Rev. Martin Smyth (Belfast, South) : I am happy to follow the hon. Member for Lewisham, West (Mr. Maples) and share his joy at the positive movement in Europe, having experienced it at first hand last March in


Column 1143

Hungary and having revisited Berlin and Leipzig last month. The changes there are bound to cause delight to anyone who prizes freedom and the movement of people.

The right hon. Member for Guildford (Mr. Howell) referred to Balfour saying that it was not a question of history repeating itself, but of historians repeating the past. That is one of the dangers we face at the moment. In that context I have more sympathy with what the right hon. Member for Bethnal Green and Stepney (Mr. Shore) said about the EEC. It has been regularly claimed in Europe and in the House that hope lies in a united Europe. Historians call the period of a united Europe the dark ages and I am a shade concerned that we might be returning to that period of history.

I was interested in the comments of the right hon.

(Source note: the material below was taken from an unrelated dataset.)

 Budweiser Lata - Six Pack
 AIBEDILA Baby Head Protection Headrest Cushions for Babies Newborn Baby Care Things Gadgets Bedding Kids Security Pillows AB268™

Member for Brighton, Pavilion (Mr. Amery), who said that the Almighty had made Englishmen and Frenchmen different. He reminded me of the story of the English business man who claimed that he was a self-made man and relieved the Almighty of an awful responsibility.

We have a tendency to lecture others and although I am delighted that Members of Parliament and members of the Inter-Parliamentary Union have been using the agency of the IPU to share with the emerging forces in Europe some of our concepts, we have to do that with sensitivity. They have reached this stage in their development without a great deal of help from us. While they may not have much experience of the working of parliamentary government as we understand it, they have kept the torch of freedom alight in dark ages in the past 40 years. Now they are moving towards a new era. It is good that we share that with them.

I understand, and note with some thanks, that the Government are providing advice on local government structures to the emerging east European democracies. I fully support that, but, coming from Northern Ireland, I must say that the Government have little to boast about, when a significant part of this nation does not have a true local government structure and when the structure for Northern Ireland legislation is akin to old-syle Stalinism. We have left ourselves open to certain accusations.

With Jim Nicholson, a former Member of this House who is now a Member of the European Parliament, I visited and had discussions with many of the smaller emerging political parties in East Germany. We owe them some help, but I regret that blocs within European Parliament have voted against giving them financial help. It is all very well to say that we as individuals can help, but they need more help than that to deal with their state structures. I hope that hon. Members will use their influence and help them with their political campaigning.

The rush to encourage democracy and to dismantle dictatorships must not endanger already established democracies. I noted the comments that were made tonight about disarmament, but the arguments for massive cuts in conventional forces are premature and send a strong signal to the generals who still command divisions of tanks and missiles in the East.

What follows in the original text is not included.